Packages
Packages are essential to the work we do in R. Whether you are using R for the first time, or you’re a seasoned R expert, using packages makes up a great deal of your daily workload in R. It’s important to be familiar with the concept of a package, how we go about using them, and what to do when they don’t work how we want them to.
What are Packages?
R packages are collections of related functions, code, and data, which can be downloaded and used by any R user, as a way of avoiding having to write all the code to do a task manually ourselves. In fact, if you’ve opened R and read in some data, it’s likely you’ve already used a package! There are a set of packages that are standard (base
) and ship with R when you install it on your computer. These packages are always automatically loaded and available for your use, so when you use a function that exists natively in R, such as the mean()
function, that actually exists in a package that R loaded for you already.
All official packages are submitted and verified through CRAN (Comprehensive R Archive Network). Packages typically are sets of functions that perform related tasks (e.g. data management). For example, if in an R script or .Rmd
file, we begin to type the function subset()
, we get the following:
We see here that R is suggesting some options to us of functions that start with sub
. The word in the curly braces, {base}
indicates that that function is native to “base” R, or the base set of functions and methods that we have access to without loading in other packages. When you download R, a set of packages are imported automatically, including base
, stats
, and some others. Packages not downloaded automatically with R need to be explicitly loaded separately.
There are many many packages, the vast majority of which we will not even talk about. In fact, as of November 2020, more than 16,000 packages were available on CRAN (and that’s not including the non-CRAN packages that are available too!).

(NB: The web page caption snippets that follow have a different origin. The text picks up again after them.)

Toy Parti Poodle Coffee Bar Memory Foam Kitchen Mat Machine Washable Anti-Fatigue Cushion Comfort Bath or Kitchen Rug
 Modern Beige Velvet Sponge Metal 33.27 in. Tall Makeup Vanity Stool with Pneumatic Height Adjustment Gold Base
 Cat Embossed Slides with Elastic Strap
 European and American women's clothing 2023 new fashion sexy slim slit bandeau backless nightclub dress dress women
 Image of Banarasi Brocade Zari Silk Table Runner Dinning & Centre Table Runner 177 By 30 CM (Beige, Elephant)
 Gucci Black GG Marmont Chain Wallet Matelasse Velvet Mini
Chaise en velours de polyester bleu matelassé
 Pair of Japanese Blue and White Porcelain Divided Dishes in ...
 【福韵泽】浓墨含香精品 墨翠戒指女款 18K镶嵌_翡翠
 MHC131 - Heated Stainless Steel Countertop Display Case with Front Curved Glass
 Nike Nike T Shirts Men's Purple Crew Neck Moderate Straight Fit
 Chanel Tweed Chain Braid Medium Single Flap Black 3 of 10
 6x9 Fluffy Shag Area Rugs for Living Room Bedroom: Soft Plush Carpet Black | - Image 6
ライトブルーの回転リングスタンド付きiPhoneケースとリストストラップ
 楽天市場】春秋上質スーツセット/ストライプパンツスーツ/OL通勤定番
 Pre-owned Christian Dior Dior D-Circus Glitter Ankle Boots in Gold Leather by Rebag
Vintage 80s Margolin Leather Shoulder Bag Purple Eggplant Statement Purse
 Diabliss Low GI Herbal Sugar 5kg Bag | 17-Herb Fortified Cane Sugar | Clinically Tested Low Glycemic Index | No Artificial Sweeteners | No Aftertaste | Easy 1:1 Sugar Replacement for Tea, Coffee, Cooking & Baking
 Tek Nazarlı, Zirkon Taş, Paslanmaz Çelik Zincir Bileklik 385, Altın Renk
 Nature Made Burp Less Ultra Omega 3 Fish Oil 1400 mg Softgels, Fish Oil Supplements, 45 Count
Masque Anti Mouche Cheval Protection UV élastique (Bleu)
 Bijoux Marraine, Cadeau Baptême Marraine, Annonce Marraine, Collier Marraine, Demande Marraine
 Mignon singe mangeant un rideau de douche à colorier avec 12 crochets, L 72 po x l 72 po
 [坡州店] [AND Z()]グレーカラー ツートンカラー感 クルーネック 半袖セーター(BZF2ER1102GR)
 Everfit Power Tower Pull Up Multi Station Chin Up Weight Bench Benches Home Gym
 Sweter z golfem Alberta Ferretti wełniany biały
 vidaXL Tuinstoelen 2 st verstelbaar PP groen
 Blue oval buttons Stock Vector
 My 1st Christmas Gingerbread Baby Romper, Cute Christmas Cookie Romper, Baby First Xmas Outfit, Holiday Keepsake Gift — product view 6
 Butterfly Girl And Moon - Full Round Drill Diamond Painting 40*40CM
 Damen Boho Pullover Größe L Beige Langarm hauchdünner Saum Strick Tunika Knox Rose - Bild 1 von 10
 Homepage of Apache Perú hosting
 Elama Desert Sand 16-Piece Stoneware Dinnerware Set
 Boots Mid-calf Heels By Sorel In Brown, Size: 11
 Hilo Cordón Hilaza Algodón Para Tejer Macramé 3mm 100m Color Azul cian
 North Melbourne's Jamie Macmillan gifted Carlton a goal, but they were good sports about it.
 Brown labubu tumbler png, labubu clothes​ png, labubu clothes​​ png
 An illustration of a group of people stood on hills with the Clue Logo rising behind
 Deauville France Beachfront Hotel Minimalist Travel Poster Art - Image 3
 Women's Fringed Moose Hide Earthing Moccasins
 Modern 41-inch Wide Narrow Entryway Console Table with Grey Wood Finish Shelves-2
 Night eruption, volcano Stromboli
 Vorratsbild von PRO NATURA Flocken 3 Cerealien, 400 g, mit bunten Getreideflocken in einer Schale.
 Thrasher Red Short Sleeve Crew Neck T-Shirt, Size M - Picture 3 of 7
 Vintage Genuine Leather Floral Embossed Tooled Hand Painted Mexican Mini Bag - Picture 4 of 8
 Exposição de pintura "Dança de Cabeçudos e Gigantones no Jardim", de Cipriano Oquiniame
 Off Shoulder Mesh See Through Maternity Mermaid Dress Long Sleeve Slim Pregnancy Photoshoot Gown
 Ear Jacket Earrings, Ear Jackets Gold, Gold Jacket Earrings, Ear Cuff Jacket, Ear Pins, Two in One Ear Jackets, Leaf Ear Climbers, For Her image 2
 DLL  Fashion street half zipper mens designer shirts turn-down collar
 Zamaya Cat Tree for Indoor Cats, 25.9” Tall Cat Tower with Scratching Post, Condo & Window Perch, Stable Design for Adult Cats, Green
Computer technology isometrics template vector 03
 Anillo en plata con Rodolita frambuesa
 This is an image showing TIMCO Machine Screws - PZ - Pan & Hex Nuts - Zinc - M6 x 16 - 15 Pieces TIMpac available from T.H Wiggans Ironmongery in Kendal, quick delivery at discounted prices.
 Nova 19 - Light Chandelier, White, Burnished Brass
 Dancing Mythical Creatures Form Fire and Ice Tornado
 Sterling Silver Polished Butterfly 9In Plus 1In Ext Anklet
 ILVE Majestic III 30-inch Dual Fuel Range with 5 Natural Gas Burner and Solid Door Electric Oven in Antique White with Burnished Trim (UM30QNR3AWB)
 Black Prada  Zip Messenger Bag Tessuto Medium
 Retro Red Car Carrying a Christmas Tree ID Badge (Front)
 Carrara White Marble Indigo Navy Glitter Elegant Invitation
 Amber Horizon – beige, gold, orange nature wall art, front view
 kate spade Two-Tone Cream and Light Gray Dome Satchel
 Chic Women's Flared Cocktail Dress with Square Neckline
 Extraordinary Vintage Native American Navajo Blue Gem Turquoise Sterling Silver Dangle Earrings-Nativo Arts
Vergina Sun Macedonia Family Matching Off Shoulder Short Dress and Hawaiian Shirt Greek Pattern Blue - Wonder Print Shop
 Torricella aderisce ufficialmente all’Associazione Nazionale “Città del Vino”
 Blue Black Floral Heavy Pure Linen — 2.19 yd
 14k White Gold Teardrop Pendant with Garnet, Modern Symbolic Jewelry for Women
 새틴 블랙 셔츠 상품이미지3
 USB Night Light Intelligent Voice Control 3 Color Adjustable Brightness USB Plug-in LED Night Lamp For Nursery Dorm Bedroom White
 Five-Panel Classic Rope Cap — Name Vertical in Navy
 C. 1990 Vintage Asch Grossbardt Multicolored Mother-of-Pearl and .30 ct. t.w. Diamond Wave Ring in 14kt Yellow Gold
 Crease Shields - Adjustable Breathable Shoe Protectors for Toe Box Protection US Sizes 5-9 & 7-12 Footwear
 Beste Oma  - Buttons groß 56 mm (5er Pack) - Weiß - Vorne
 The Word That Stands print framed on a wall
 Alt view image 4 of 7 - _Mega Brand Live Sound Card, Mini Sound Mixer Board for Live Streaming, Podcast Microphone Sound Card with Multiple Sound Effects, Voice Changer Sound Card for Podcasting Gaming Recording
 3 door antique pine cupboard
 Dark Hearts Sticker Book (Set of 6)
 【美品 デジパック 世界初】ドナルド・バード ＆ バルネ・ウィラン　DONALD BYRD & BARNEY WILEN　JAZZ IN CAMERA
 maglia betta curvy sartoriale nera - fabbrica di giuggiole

Note that many packages are termed dependencies, that is, they are not the packages we are going to use directly, but they are required on our computers, for the package we do want to use to work properly.
Installing Packages
To see what packages we have isntalled already on our computer, we can run the library()
command.
library()
## Warning in library(): libraries '/usr/local/lib/R/site-library', '/
## usr/lib/R/site-library' contain no packages
It turns out on this computer, that’s a pretty large number of packages, but on your computer it may return fewer packages, and that’s perfectly fine.
The EEB R Manual will make use frequently of packages that are part of the Tidyverse. One of the first packages we’ll use is the dplyr
package, a very common and useful data cleaning package.
The Tidy Verse
The Tidyverse is “…an opinionated collection of R packages designed for data science. All packages share an underlying design philosophy, grammar, and data structures” that is funded and developed by a company called Posit, which was previously known as the RStudio Foundation. It is a good resource for those learning R, as there are a ton of educational resources available
Okay, let’s install the package. Anytime we install a package we call install.package()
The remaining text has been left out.